• Exercise objective:
In the entries below, find the line with "Econo Lodge Inn & Suites North Vancouver" and the line with "Blue Bay – High-end, luxurious". Return those two lines and all lines between them, exactly.

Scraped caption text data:
################

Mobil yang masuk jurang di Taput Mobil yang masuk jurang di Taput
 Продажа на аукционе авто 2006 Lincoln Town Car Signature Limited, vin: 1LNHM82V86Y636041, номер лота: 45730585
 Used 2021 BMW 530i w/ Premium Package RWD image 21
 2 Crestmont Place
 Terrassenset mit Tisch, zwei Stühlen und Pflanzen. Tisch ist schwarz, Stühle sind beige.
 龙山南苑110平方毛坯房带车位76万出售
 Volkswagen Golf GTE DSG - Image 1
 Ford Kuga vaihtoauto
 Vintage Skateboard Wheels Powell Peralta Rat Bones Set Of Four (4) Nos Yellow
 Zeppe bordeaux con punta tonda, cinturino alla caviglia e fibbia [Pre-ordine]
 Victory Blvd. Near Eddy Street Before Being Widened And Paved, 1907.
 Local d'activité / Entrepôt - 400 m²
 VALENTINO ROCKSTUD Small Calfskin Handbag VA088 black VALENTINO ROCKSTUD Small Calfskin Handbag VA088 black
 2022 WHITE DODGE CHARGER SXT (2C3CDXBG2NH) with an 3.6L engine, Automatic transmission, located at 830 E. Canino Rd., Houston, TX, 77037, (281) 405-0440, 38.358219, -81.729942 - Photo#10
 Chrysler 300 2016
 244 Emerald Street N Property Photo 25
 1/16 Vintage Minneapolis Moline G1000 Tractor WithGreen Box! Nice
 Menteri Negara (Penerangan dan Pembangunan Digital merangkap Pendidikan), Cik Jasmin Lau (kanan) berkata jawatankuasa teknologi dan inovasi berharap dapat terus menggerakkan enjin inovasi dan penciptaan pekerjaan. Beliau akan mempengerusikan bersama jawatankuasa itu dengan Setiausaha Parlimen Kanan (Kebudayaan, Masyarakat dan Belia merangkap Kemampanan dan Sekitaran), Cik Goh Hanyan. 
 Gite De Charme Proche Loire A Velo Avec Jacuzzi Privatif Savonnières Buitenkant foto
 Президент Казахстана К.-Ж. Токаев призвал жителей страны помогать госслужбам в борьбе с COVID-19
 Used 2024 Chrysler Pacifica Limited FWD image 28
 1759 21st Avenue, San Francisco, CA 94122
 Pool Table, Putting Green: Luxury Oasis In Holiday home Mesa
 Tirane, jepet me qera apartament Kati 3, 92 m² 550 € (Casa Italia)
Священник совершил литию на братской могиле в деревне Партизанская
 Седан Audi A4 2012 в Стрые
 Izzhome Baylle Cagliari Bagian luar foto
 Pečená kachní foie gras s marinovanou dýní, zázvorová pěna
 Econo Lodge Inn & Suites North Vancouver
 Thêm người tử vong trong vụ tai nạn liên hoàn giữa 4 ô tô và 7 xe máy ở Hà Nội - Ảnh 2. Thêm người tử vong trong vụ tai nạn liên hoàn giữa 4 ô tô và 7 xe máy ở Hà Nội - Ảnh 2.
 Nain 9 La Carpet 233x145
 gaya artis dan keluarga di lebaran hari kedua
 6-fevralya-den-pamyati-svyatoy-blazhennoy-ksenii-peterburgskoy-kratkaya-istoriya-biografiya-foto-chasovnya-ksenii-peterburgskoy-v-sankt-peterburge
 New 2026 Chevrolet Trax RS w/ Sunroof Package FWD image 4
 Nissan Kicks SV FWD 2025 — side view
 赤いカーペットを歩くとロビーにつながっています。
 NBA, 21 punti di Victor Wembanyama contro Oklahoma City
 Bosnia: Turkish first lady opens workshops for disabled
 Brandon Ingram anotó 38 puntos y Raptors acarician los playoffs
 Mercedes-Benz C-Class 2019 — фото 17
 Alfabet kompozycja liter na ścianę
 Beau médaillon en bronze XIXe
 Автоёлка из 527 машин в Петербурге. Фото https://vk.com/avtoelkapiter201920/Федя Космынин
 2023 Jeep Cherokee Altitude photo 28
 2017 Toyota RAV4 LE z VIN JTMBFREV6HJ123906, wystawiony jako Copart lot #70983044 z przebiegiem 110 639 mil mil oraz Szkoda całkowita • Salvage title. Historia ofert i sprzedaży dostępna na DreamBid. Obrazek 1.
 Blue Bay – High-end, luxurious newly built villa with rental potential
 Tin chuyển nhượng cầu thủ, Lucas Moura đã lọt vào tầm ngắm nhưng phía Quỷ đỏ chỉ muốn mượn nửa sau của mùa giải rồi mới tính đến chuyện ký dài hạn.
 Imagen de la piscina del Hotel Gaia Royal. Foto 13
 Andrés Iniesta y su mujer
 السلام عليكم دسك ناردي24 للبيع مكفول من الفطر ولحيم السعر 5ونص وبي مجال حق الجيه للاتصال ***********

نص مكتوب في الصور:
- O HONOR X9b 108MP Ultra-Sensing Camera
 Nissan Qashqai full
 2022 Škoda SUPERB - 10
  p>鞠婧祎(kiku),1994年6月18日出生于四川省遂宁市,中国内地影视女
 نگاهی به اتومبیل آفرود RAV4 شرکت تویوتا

################

• Worked solution:
 Econo Lodge Inn & Suites North Vancouver
 Thêm người tử vong trong vụ tai nạn liên hoàn giữa 4 ô tô và 7 xe máy ở Hà Nội - Ảnh 2. Thêm người tử vong trong vụ tai nạn liên hoàn giữa 4 ô tô và 7 xe máy ở Hà Nội - Ảnh 2.
 Nain 9 La Carpet 233x145
 gaya artis dan keluarga di lebaran hari kedua
 6-fevralya-den-pamyati-svyatoy-blazhennoy-ksenii-peterburgskoy-kratkaya-istoriya-biografiya-foto-chasovnya-ksenii-peterburgskoy-v-sankt-peterburge
 New 2026 Chevrolet Trax RS w/ Sunroof Package FWD image 4
 Nissan Kicks SV FWD 2025 — side view
 赤いカーペットを歩くとロビーにつながっています。
 NBA, 21 punti di Victor Wembanyama contro Oklahoma City
 Bosnia: Turkish first lady opens workshops for disabled
 Brandon Ingram anotó 38 puntos y Raptors acarician los playoffs
 Mercedes-Benz C-Class 2019 — фото 17
 Alfabet kompozycja liter na ścianę
 Beau médaillon en bronze XIXe
 Автоёлка из 527 машин в Петербурге. Фото https://vk.com/avtoelkapiter201920/Федя Космынин
 2023 Jeep Cherokee Altitude photo 28
 2017 Toyota RAV4 LE z VIN JTMBFREV6HJ123906, wystawiony jako Copart lot #70983044 z przebiegiem 110 639 mil mil oraz Szkoda całkowita • Salvage title. Historia ofert i sprzedaży dostępna na DreamBid. Obrazek 1.
 Blue Bay – High-end, luxurious newly built villa with rental potential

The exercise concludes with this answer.